A Stronger Consensus on the Inflation Rebound

and on Funds Rate Overshooting

The minutes of the March FOMC meeting revealed a Committee that is very comfortable with the current state of the economy and with the expected trajectory of both the economy and monetary policy. There seems to be less disagreement among FOMC participants than there has been for some time. “All” participants saw “some further” tightening as likely warranted, while “almost all” wanted to continue the gradual approach. 

Little concern was expressed by FOMC participants about the apparent slowdown in spending in Q1: “they  expected that the first-quarter softness would be transitory, pointing to a variety of factors.” We are of the same view but would have expected some expressions of caution. Fiscal policy changes were expected to provide a “significant boost” to output. But the uncertainty about the size and timing of those effects suggests that the FOMC will await more concrete evidence of those effects, instead of acting preemptively in anticipation of a large fiscal boost to activity. 

The minutes revealed much greater confidence among participants about the return of inflation to 2 percent:  “Most participants commented that the stronger economic outlook and the somewhat higher inflation readings  in recent months had increased the likelihood of progress toward the Committee’s 2 percent inflation  objective.” Policymakers appeared much more confident in the long-held belief that the 2017 inflation slowdown was transitory and so the FOMC should look through the temporary deviation. The anxiety among some FOMC participants about too-low inflation or a drop in inflation expectations has been greatly reduced.  The focus of the Committee has now shifted to how best to respond should inflation overshoot its objective,  as is now widely expected. Indeed, the March SEP indicated that no participants expected 2020 core PCE  inflation to be under the 2 percent objective and no participants saw the risks to their inflation projections weighted to the downside any longer.

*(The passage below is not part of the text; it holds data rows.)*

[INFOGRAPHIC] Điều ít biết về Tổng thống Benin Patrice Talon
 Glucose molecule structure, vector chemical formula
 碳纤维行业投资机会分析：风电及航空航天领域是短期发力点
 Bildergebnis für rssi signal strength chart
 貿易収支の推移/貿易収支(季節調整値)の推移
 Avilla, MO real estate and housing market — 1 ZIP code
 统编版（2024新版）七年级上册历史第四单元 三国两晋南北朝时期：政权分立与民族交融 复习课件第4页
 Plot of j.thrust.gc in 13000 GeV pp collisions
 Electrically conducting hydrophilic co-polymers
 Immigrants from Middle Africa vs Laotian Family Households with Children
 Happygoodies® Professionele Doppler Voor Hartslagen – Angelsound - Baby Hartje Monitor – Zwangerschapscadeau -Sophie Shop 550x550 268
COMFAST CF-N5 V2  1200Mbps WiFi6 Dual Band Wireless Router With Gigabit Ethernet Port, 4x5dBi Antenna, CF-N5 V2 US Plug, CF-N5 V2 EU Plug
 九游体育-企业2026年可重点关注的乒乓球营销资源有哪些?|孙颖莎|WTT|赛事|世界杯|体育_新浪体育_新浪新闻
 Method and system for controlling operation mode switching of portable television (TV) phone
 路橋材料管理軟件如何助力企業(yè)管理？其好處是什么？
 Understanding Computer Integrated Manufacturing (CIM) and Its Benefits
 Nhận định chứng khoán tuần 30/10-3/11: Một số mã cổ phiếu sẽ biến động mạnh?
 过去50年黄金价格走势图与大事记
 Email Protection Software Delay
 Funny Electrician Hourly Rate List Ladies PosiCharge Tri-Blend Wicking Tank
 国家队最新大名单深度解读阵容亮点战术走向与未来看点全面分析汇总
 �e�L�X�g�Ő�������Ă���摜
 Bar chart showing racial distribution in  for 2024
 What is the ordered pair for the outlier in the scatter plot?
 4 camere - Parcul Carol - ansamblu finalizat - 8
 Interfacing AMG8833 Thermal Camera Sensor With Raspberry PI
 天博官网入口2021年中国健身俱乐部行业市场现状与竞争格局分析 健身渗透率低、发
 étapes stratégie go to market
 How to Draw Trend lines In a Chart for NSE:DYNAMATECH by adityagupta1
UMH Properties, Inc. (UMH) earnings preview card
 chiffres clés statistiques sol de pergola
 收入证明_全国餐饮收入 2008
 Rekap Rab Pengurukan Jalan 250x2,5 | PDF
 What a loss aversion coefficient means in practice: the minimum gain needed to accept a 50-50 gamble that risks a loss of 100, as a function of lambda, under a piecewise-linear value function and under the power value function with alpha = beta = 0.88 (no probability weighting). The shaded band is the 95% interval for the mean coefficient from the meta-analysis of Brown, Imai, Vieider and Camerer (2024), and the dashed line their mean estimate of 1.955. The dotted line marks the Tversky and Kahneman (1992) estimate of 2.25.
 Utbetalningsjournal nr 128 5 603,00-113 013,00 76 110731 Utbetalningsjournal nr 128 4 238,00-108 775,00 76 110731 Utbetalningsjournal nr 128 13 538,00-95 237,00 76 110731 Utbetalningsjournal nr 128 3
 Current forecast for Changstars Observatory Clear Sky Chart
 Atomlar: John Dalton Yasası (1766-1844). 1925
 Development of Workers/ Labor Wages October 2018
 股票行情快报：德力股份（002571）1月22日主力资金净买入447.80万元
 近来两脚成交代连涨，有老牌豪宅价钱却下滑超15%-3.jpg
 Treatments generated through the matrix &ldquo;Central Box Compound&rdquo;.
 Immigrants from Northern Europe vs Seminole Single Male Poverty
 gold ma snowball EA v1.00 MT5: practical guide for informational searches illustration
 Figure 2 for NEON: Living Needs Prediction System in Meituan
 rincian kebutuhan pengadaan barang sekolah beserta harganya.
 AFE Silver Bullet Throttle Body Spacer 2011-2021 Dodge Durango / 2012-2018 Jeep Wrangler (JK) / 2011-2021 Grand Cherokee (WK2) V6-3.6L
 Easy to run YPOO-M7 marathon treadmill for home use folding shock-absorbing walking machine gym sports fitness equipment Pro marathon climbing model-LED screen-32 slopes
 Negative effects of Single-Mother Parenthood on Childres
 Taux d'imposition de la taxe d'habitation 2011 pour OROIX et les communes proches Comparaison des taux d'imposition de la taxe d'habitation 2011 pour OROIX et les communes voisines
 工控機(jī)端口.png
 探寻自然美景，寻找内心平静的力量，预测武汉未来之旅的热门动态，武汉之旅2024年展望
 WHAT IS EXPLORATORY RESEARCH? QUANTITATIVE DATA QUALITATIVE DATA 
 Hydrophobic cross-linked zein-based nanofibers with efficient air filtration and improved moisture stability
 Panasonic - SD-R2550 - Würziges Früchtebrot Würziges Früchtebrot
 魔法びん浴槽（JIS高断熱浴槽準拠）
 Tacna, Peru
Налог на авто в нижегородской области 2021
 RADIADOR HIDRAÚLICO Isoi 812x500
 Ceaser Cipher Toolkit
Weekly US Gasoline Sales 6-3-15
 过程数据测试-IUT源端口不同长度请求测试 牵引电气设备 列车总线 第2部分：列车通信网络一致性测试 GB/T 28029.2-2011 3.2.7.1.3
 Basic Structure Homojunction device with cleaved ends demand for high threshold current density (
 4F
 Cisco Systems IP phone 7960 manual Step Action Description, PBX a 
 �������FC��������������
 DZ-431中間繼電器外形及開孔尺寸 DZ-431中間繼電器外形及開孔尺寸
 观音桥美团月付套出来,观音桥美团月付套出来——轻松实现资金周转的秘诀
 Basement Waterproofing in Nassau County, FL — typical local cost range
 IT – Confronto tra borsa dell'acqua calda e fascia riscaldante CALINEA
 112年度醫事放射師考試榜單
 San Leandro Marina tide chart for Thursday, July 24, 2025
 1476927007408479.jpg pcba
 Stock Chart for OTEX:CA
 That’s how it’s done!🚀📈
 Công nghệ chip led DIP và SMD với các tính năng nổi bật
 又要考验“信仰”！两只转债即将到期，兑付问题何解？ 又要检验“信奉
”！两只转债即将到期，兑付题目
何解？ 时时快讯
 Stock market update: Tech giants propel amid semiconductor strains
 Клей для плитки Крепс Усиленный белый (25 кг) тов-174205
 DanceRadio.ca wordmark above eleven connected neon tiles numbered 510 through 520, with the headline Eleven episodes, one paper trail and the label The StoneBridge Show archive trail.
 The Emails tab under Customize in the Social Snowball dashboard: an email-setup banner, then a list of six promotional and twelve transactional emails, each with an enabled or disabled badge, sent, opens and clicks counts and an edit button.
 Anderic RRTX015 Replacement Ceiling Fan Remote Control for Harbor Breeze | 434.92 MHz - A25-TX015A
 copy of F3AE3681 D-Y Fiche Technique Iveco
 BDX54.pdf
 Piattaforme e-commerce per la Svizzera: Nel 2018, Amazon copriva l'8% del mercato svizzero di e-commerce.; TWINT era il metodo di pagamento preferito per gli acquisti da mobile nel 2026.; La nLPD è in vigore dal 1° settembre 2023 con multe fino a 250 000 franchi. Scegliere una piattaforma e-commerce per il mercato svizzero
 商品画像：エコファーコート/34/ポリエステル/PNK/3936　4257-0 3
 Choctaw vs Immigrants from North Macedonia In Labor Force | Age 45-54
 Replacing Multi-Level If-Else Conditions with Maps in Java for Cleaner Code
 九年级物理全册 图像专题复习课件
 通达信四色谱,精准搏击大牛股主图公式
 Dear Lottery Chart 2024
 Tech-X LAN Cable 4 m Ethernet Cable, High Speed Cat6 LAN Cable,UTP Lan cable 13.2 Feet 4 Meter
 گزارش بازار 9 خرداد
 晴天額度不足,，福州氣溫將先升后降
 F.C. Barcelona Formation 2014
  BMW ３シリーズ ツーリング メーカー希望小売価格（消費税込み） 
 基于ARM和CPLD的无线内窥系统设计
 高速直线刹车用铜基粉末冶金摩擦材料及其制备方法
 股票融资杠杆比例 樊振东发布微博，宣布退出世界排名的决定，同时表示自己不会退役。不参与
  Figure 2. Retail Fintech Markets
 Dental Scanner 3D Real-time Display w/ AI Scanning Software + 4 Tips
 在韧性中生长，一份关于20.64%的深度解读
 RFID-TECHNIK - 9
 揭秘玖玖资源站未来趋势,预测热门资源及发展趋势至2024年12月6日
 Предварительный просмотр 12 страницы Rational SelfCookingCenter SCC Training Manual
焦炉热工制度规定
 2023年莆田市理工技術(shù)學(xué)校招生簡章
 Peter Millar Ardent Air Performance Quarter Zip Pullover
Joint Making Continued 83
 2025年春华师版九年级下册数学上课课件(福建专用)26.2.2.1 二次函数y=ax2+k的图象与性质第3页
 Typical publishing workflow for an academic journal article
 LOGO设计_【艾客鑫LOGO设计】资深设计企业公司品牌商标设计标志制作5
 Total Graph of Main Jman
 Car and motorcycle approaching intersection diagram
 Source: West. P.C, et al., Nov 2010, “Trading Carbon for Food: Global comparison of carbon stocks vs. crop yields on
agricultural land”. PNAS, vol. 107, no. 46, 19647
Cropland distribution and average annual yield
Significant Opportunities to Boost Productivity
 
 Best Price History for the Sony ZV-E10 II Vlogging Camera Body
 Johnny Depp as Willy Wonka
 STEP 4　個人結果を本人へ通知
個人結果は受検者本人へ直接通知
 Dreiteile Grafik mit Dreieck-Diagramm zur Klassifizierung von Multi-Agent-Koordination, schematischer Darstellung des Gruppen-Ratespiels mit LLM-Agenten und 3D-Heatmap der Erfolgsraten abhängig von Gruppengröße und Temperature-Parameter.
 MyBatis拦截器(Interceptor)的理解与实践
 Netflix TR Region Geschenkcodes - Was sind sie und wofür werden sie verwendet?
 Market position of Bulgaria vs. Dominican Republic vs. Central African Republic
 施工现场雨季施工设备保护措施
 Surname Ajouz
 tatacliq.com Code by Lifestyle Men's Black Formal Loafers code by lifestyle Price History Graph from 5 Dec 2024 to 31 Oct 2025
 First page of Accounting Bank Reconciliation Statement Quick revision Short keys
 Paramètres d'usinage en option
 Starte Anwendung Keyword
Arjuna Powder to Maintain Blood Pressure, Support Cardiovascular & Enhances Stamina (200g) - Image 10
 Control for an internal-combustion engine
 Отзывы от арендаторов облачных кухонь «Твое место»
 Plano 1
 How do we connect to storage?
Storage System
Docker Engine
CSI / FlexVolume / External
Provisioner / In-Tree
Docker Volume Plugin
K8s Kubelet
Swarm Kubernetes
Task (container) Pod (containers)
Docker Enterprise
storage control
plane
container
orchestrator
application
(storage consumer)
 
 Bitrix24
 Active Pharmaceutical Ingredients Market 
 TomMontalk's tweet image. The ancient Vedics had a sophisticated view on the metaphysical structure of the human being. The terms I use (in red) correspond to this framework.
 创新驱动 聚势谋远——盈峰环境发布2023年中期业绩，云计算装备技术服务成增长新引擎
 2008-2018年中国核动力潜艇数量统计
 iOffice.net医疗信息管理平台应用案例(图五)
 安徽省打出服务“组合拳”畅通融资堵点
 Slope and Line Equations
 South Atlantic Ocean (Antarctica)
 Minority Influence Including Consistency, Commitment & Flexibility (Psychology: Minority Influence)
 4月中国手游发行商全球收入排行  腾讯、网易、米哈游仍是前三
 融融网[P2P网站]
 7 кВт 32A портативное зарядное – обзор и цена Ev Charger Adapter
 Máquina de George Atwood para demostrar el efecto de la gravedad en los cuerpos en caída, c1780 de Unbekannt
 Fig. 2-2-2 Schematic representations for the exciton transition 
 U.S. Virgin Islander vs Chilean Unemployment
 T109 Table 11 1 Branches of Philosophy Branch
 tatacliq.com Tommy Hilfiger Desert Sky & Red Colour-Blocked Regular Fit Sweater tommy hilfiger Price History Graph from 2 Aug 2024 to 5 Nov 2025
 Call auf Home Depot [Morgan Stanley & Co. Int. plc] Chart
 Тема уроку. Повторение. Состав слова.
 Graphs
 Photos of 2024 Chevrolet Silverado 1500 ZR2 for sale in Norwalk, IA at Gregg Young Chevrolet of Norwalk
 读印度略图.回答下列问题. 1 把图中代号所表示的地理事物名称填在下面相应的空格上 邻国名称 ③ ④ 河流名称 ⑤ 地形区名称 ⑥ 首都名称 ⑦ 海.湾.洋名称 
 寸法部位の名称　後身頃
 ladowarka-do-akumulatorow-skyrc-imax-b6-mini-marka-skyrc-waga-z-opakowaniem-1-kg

We were somewhat surprised that, given the stronger inflation outlook,  more concern wasn’t expressed by more hawkish policymakers about the risks of overheating. 

We know from the macro projections as well as participants’ public remarks that many policymakers expect inflation to overshoot its 2 percent objective under “appropriate” monetary policy. The minutes did describe  some discussion of the topic, including this line referring to the inflation doves: “A few participants suggested  that a modest inflation overshoot might help push up longer-term inflation expectations and anchor them at  a level consistent with the Committee’s 2 percent inflation objective.” Subsequent lines suggest that other participants see both upsides and downsides to an overshoot (italics our emphasis): “A number of participants offered their views on the potential benefits and costs associated with an economy operating well above potential for a prolonged period while inflation remained low. On the one hand, the associated tightness in the labor market might help speed the return of inflation to the Committee’s 2 percent goal and induce a  further increase in labor force participation; on the other hand, an overheated economy could result in significant inflation pressures or lead to financial instability.” This statement refers to a situation when output is above potential but inflation remains low. Characterizing inflation as “low” is usually reserved for circumstances when inflation is persistently below 2%. That no longer appears to be a likely outcome. So this strikes us as an especially muddled passage.  

As we knew from the macro projections and dots, “A number of participants indicated that the stronger  outlook for economic activity, along with their increased confidence that inflation would return to 2 percent  over the medium term, implied that the appropriate path for the federal funds rate over the next few years  would likely be slightly steeper than they had previously expected.” Participants also discussed the prospect  of a funds rate overshoot: “Several participants expressed the judgment that it would likely become  appropriate at some point for the Committee to set the federal funds rate above its longer-run normal value  for a time.” Separately, the SEP noted that “Nearly all participants projected that it would likely be appropriate  for the federal funds rate to rise above their individual longer-run estimates at some point over the forecast  period.” The discussion of overshooting the neutral rate included possible communication issues: “Some  participants suggested that, at some point, it might become necessary to revise statement language to  acknowledge that…monetary policy eventually would likely gradually move from an accommodative stance  to being a neutral or restraining factor for economic activity.” But the subsequent sentence suggested that the overshooting issue is an area where the FOMC has no clear consensus yet: “However, participants expressed a range of views on the amount of policy tightening that would likely be required over the medium term to achieve the Committee’s goals.” That’s consistent with the narrative in the SEP, which described the  “notable reduction” in the dispersion of dots for 2018 while noting that the ranges for subsequent years had widened relative to the December SEP. 

We found it interesting that there were a couple of places in the SEP in which “financial imbalances” were mentioned as a risk of an economy operating above potential. Policymakers have long pointed to financial stability risks as a reason to normalize policy, but generally, the risk has been associated with the potentially deleterious effects of ultra-accommodative financial conditions. Here the SEP cited “the possibility that  inflation pressures and financial imbalances could build if economic activity were to run well above its long-run sustainable level.” The concern is related to the risks associated with the cyclical state of the economy,  not accommodative monetary policy per se. Governor Brainard raised this concern in her speech on financial stability issues last week. 

The minutes suggested that tariff and potential trade wars are on their radar screen, but not front and center  just yet: “Participants did not see the steel and aluminum tariffs, by themselves, as likely to have a significant  effect on the national economic outlook, but a strong majority of participants viewed the prospect of  retaliatory trade actions by other countries, as well as other issues and uncertainties associated with trade  policies, as downside risks for the U.S. economy.” As Powell related in his press briefing, “A number of  participants reported concern among their business contacts about the possible ramifications of the recent  imposition of tariffs on imported steel and aluminum.” It was noted that “Contacts in the agricultural sector  reported feeling particularly vulnerable to retaliation.”